Manea nos lleva de aquí para allá, visitando a antiguos amigos, calles de su juventud, nuevos restaurantes, nos apabulla con sus recuerdos, nos confunde, consigue que nos interesen hasta sus sueños, o, de manera más habitual, sus pesadillas mientras echa la siesta en el gigantesco hotel donde se aloja. Su escritura, de nuevo, bordea la pomposidad. Manea empuja al lector hacia la jaula donde sus monstruos personales se pelean con su estilo personal e intransferible, pero en el último momento se lanza él solo adentro. No le sobra ni una página. Soberbio.

"La humillación de que te definan por la negación colectiva y por una catástrofe colectiva no es algo nimio, doctor Freud. Pero no somos sólo catástrofes colectivas, cualesquiera que éstas sean. Diferentes unos de otros, somos más que eso, más y otra cosa, más y otra cosa.  (...) El sufrimiento no nos hace mejores ni héroes. El sufrimiento corrompe, como todo lo que es humano, pero el sufrimiento exhibido públicamente corrompe de manera irremediable. Sin embargo, al honor de ser vejado no se puede renunciar, y tampoco al honor del destierro. ¿Qué otra cosa poseemos salvo el destierro? El destierro de antes y de después del destierro. Las desposesiones no son deplorables, sólo preparativos para la última desposesión."
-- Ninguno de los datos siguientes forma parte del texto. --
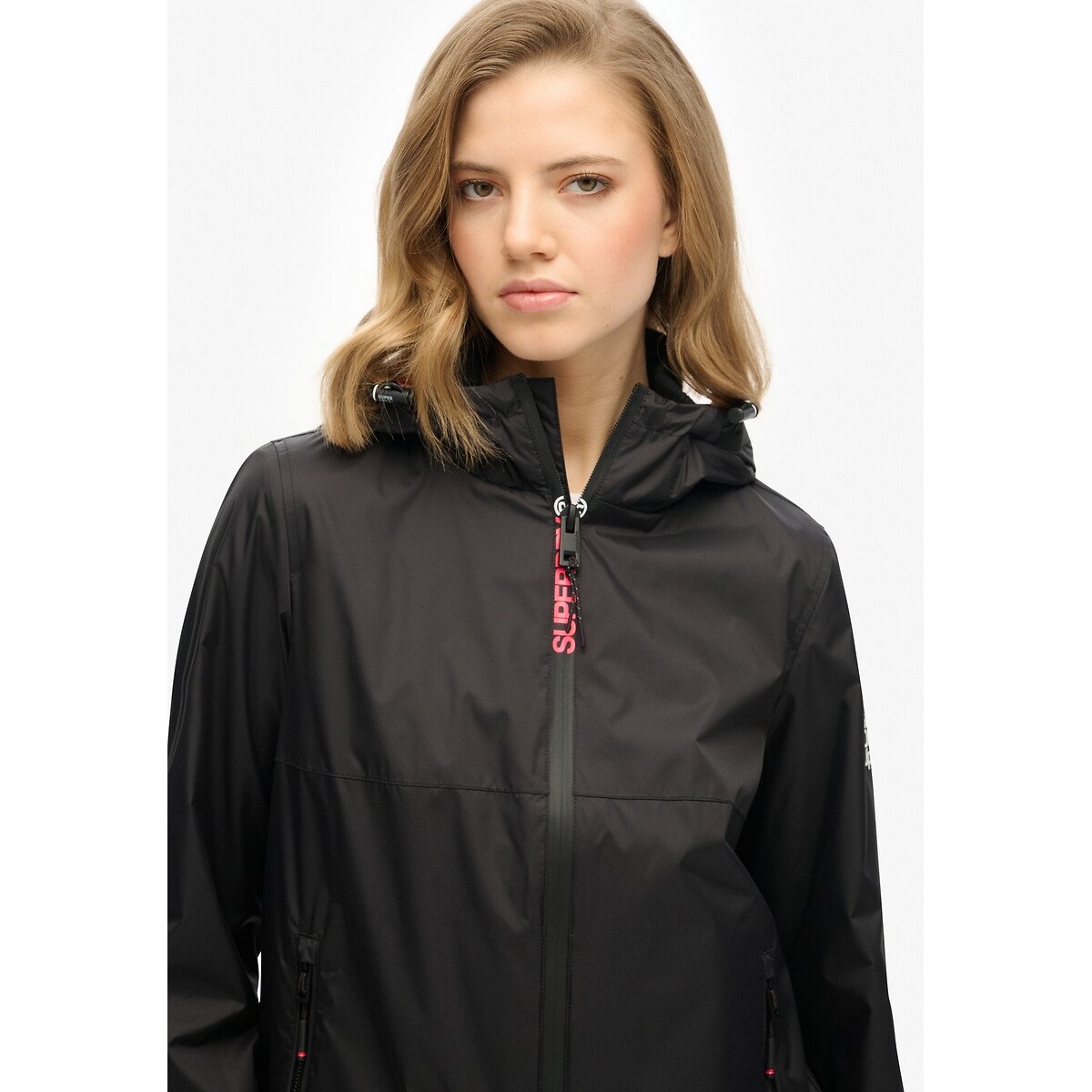 Veste à capuche et logo Windbreaker noir, SUPERDRY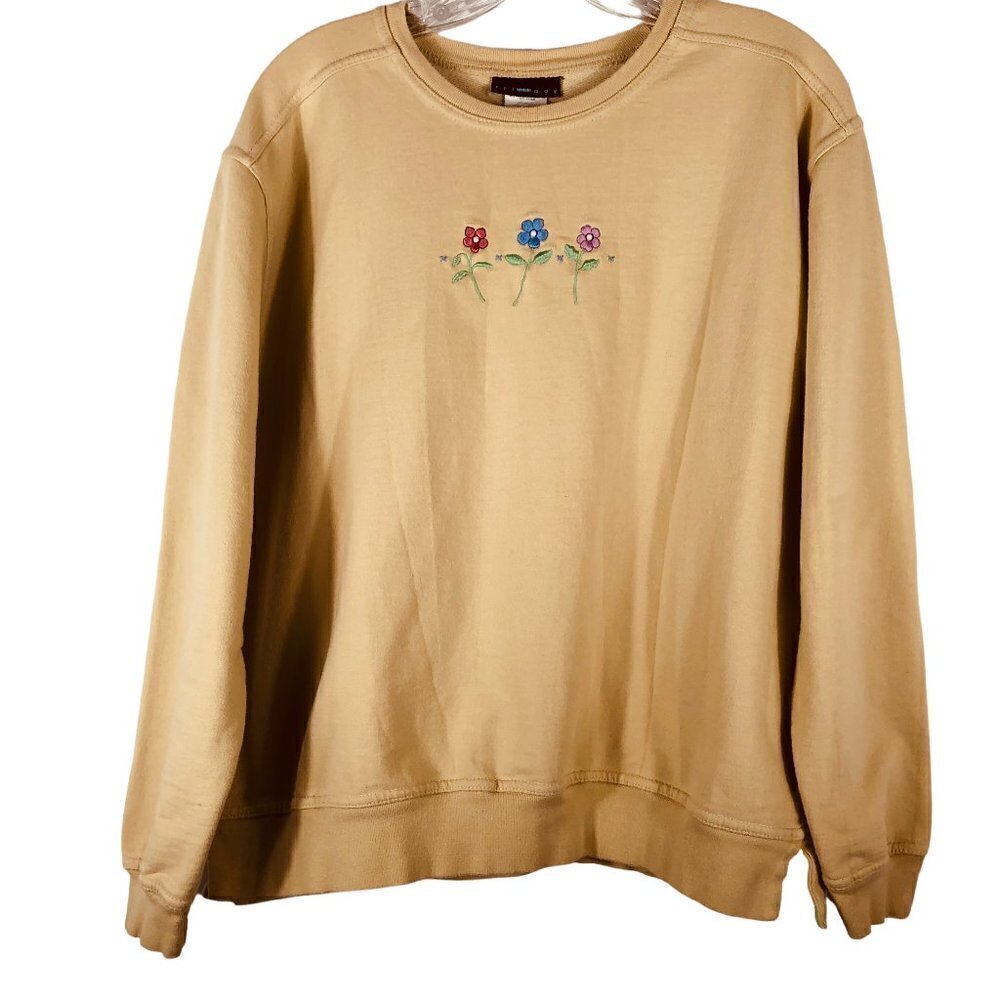 Trilogy Women's Gold Floral Embroidered Sweatshirt Size XL
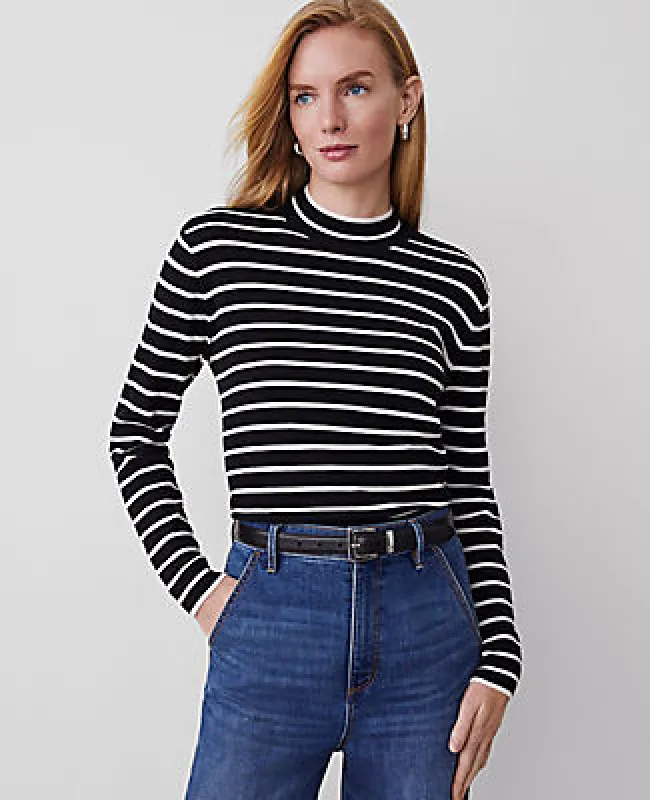 Ann Taylor Essential Stripe Mock-Neck Sweater sold by Ann Taylor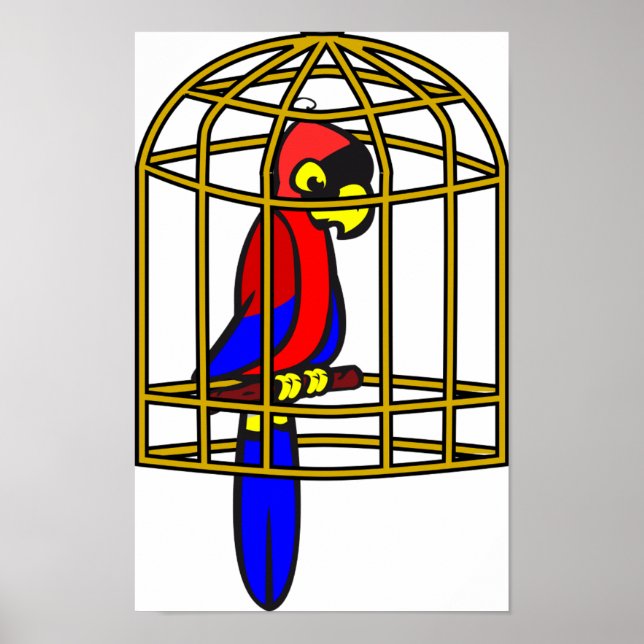 Parrot i en kasse Poster (Framsidan)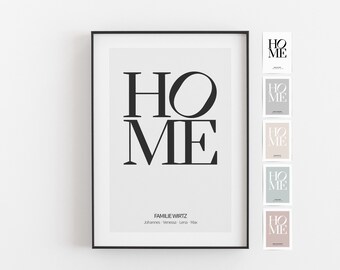 Poster Home mit Name personalisiert • Zuhause Familienposter • Geschenk zum Einzug, Richtfest, Hausbau, Richtfest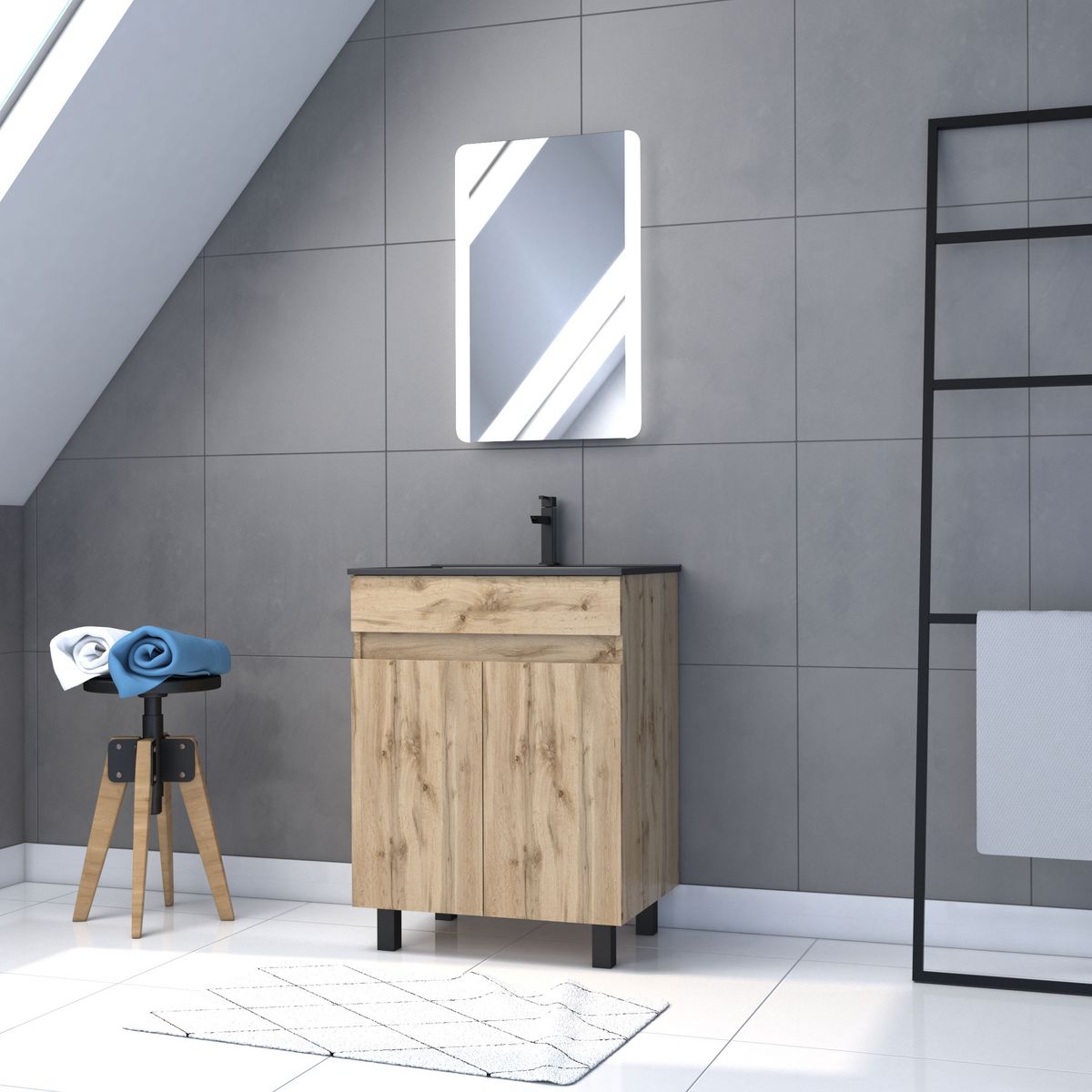 Aurlane Meuble salle de bain 60x80 - Finition chene naturel - vasque noire + miroir Led - TIMBER 60 - Pack02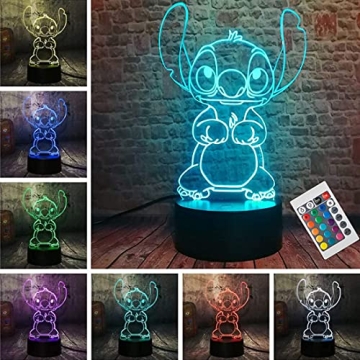 3D LOUHH Stitch Night Light - Colorful LED Lamp for Kids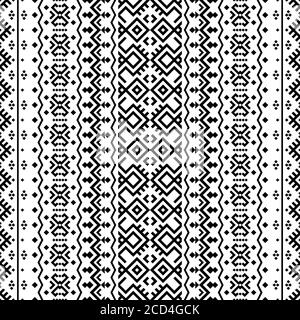 Motivo etnico senza cuciture in bianco e nero. BW Tribal Aztec Pattern Illustrazione Vettoriale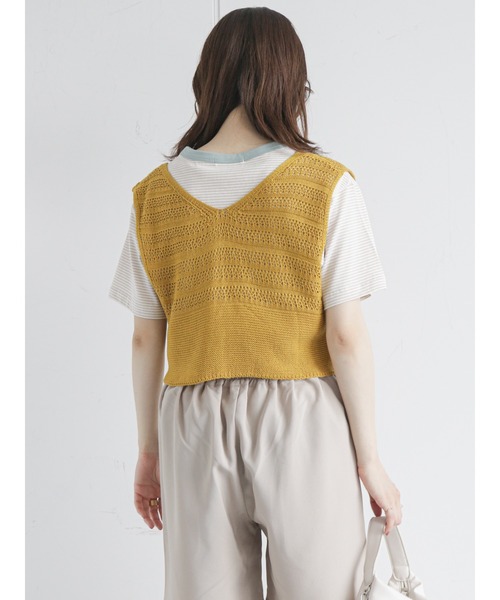 ehka sopo（エヘカソポ）の「透かし編み前開きベスト（ベスト・レディース・キナリ/マスタード/キャメル/ブラック・ﾌﾘ-）」の13枚目の写真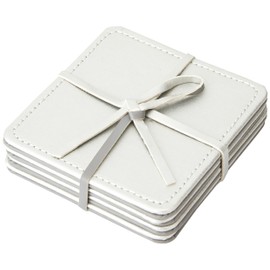 Creative Tops Drink Coasters, Square, Faux Leather, Silver, 10 cm, Set of 4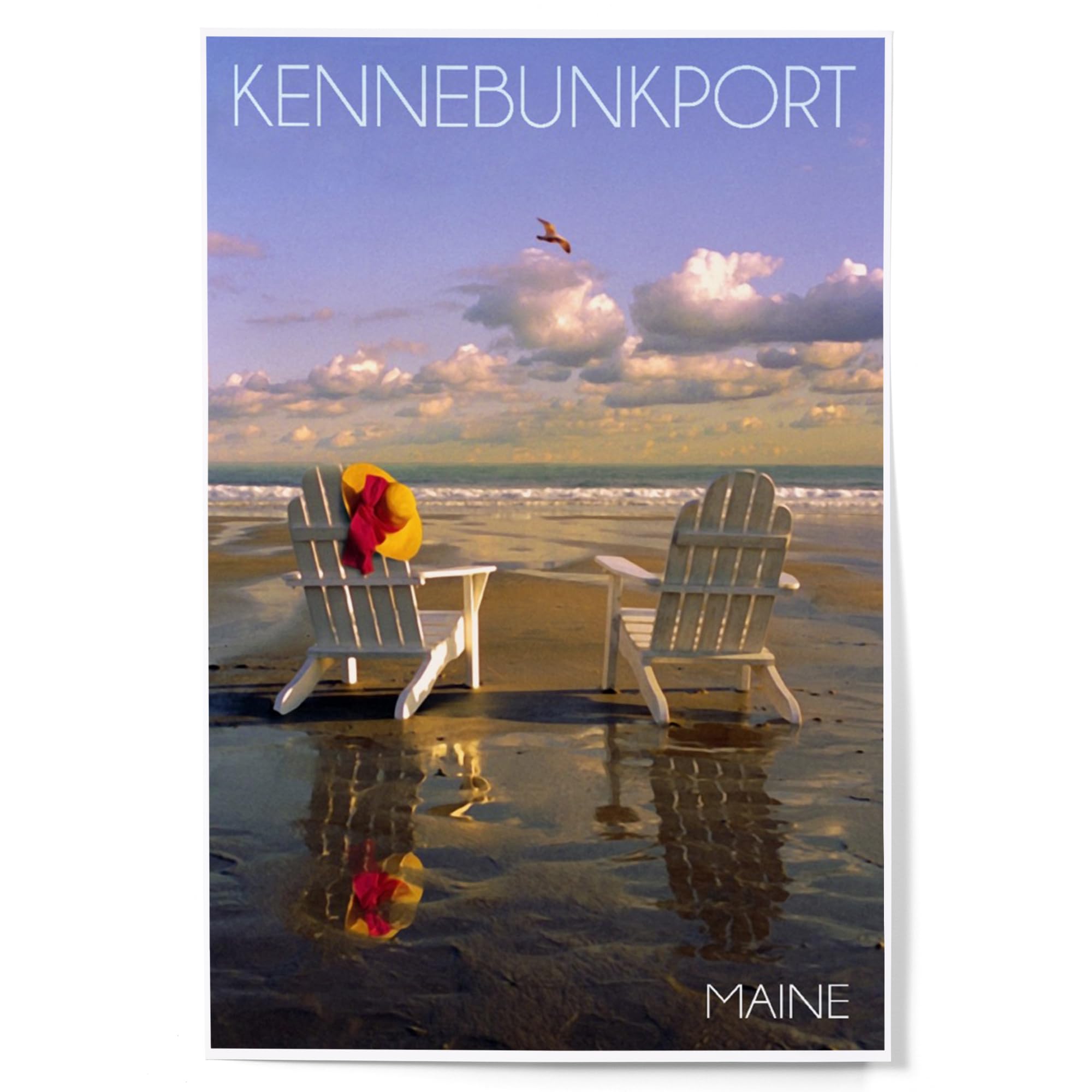 Lantern Press 12x18 Inch Kennebunkport Maine Coastal Art Print - Adirondack Chairs Beach Wall Decor for Living Room, Bedroom & Office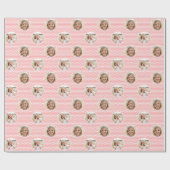 Cute Love Heart 2 Photo Pretty Apricot Pink Cadeaupapier (Vlak)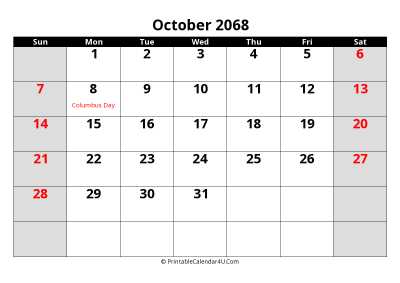 october 2068 editable calendar with large font size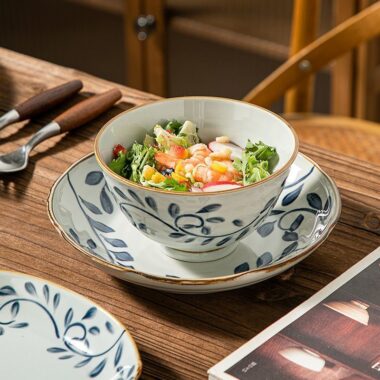 Japanese floral underglaze heat resistant crockery dinner sets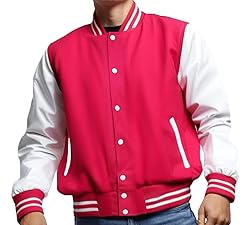 Mens Varsity Jacket - Pink White School Teen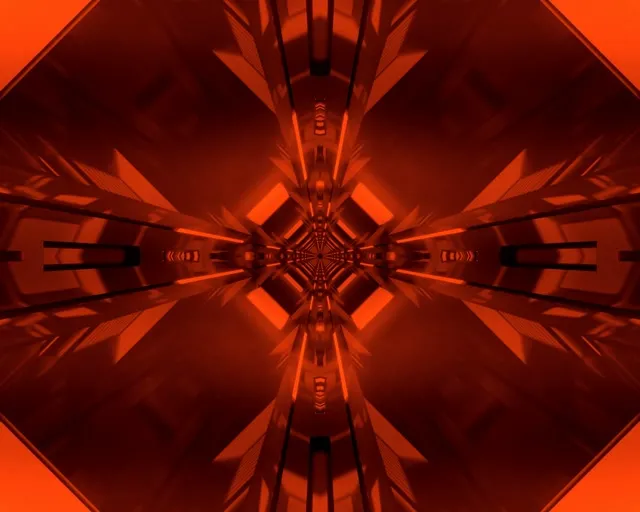Neon Tunela Gorri Diamante Kaleidoskopioa VJ Loop 5:4 industrial 60fps Pantaila-babeslekua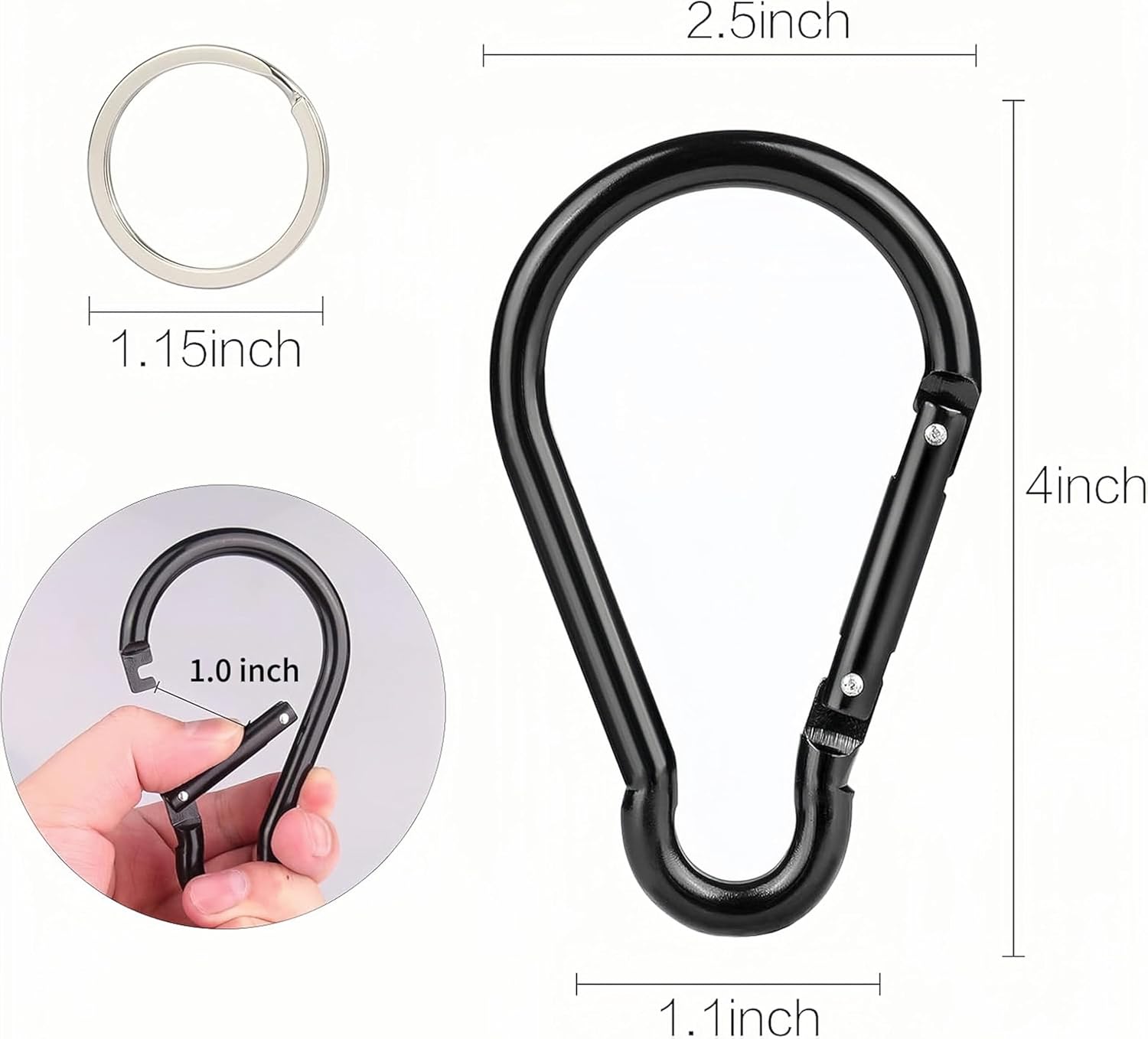 Extra Large 4" Aluminium Climbing Carabiner Keychain Hook - Image 2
El Niño Vampiro frente al Palacio del pueblo, uno de los edificios más grandes del mundo, obra de Ceaucescu

Me fascina Rumanía (como me fascina toda Europa Central), un país cuya capital gozó de una prosperidad difícil de imaginar hoy (merced, todo sea dicho, al troceamiento y reparto de antiguos imperios que tuvo lugar tras la I Guerra Mundial), que tuvo una vida cultural riquísima, cuya capital se conocía en los años 30 como "el París de los Balcanes", y que ha dado literatos e intelectuales de la talla de Ionesco, Cioran, Eliade, Celan o el ya mencionado Sebastian. Visité Bucarest en un viaje relámpago, en 1990, camino de la Unión Soviética. Nueve meses tras el ajusticiamiento de Ceaucescu y su esposa, la ciudad me pareció el lugar más triste del mundo. Aunque yo no había viajado mucho hasta entonces, y aunque, una vez más, era probablemente demasiado joven para aprovechar culturalmente aquella increíble ocasión, jamás olvidaré la miseria, la resignación, la tristeza de la gente (excepto nuestro guía, Gigi, tan culto y alegre, que nos cantaba "Allá en el rancho grande" en el autocar), aquel monstruoso y mastodóntico hotel (¿sería el mismo en el que se alojó Manea?) donde apenas había dos huéspedes más; aquella cantidad ingente de Renault 12, el único modelo de coche que se veía; la absoluta oscuridad de las calles, los niños descalzos peleándose por un kleenex usado... La Rumanía de la que huyó Manea, espero que vea mejores días.